Par mesures ponctuelles et pour parer au plus pressé, dans la hâte, par absence de prévision et par ajouts successifs sans mesurer les effets tant en termes de philosophie du système que de sa propre cohérence interne, « un mélange des genres, un amalgame silencieusement disruptif ont dénaturé le jardin à la française qu’était la protection sociale à sa création ». L’impératif de l’immédiateté politique et l’objectif d’universalité ont, selon les auteurs, transformé un système qui associait assurance sociale et solidarité pour en faire un tout uniforme, sans vision prospective, « l’amalgame a prévalu sur la complémentarité et, sans qu’aucun débat ne se fasse, un choix de société s’est imposé par touches successives ».
À cet égard, ils considèrent que les termes du débat sur le protection sociale sont aujourd’hui mal posés car « on ne sait plus de quoi l’on parle, on ne sait plus ce qu’est la protection sociale, ce qu’est la solidarité, ce qu’est l’assistance, ce que doit être l’action humanitaire ». Une nouvelle morale (celle de la solidarité universelle) a dissous le modèle social et une exigence de protection universelle s'est substituée au lien social. La prestation sociale est devenue un bien de consommation, placebo des excès du néolibéralisme.

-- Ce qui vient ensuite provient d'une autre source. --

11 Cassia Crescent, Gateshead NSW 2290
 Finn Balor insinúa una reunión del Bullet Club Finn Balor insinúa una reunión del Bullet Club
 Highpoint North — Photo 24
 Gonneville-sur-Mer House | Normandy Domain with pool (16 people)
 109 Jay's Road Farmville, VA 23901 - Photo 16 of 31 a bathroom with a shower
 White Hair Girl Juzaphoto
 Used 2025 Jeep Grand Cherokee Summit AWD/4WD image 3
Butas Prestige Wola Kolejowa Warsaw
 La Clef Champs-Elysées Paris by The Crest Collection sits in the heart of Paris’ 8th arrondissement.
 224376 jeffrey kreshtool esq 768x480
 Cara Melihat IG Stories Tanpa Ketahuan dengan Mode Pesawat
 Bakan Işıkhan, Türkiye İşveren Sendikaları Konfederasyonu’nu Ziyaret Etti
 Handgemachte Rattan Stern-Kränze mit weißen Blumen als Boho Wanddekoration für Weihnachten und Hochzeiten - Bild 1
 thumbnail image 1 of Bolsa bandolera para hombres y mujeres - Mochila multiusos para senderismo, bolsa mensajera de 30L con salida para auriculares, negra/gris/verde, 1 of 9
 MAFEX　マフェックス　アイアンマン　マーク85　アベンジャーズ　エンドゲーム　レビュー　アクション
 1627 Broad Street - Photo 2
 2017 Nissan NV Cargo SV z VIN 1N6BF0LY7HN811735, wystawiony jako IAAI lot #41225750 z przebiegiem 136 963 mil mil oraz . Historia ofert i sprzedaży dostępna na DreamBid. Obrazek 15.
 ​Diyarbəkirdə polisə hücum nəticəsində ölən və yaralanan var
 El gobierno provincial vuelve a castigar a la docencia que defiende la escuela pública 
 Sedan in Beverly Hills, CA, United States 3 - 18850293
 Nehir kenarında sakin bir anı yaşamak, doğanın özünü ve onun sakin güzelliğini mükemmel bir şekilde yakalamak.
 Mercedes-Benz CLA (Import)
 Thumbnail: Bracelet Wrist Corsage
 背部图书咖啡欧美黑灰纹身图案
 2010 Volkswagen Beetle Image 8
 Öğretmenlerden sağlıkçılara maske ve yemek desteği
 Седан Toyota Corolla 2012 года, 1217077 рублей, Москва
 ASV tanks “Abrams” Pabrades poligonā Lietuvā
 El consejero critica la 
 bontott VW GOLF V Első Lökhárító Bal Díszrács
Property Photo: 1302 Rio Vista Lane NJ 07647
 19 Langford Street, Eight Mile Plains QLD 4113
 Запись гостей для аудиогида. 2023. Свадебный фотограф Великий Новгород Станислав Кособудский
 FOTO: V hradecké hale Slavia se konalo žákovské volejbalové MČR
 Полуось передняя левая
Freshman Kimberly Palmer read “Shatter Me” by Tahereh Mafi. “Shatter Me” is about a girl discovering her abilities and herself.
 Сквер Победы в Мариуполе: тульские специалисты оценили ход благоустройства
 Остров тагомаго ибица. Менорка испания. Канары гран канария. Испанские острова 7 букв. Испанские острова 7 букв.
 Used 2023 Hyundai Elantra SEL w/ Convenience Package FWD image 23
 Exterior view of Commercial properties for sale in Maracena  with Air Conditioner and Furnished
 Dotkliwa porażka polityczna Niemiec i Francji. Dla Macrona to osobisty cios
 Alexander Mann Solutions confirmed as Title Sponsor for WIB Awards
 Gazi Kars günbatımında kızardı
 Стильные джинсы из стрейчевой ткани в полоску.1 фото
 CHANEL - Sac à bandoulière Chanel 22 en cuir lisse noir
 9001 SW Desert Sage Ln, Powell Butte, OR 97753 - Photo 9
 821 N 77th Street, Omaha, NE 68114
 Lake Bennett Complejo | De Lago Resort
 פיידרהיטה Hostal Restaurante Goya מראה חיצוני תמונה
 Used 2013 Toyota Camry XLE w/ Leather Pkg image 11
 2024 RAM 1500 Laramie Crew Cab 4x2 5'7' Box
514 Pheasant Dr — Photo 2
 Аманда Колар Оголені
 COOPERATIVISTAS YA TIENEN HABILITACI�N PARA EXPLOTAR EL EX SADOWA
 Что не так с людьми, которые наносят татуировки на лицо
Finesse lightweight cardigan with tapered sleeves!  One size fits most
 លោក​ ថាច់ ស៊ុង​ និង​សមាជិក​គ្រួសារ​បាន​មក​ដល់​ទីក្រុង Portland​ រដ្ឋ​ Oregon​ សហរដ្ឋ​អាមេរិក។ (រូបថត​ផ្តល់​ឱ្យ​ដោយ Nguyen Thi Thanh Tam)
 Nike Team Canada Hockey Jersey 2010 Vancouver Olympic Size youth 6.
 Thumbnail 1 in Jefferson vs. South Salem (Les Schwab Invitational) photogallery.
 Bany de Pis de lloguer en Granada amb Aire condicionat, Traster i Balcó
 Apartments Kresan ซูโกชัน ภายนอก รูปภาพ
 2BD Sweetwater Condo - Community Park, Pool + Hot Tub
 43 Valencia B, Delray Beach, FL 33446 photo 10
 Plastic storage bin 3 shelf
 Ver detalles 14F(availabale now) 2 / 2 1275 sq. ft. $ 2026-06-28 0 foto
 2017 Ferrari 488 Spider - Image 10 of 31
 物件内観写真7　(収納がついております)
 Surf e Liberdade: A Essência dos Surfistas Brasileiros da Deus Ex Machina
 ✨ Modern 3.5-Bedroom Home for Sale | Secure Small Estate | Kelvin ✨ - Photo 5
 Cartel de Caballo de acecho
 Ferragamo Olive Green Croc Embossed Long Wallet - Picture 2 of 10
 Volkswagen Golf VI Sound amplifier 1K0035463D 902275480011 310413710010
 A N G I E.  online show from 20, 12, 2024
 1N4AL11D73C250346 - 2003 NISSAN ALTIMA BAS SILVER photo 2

Pour les auteurs, si le moment était déjà propice pour un débat, il est, après la crise sanitaire, inévitable. Ces derniers considèrent qu’il est nécessaire de penser le social au XXIe siècle en termes de choix de société plus qu’en correction des insuffisances du modèle. Ainsi, il ne s’agit pas de donner un sens à une succession de réformes mais de trouver le sens à donner à un nouveau modèle social « qui ne peut éviter un débat tant sur le périmètre, le contenu et la finalité de la protection sociale ». Par une réflexion nourrie de l’Histoire, ils invitent les lecteurs et plus généralement les citoyens à participer au débat public sur l’avenir de la protection sociale et souhaitent poser les éléments de ce débat « rien de plus mais rien de moins ».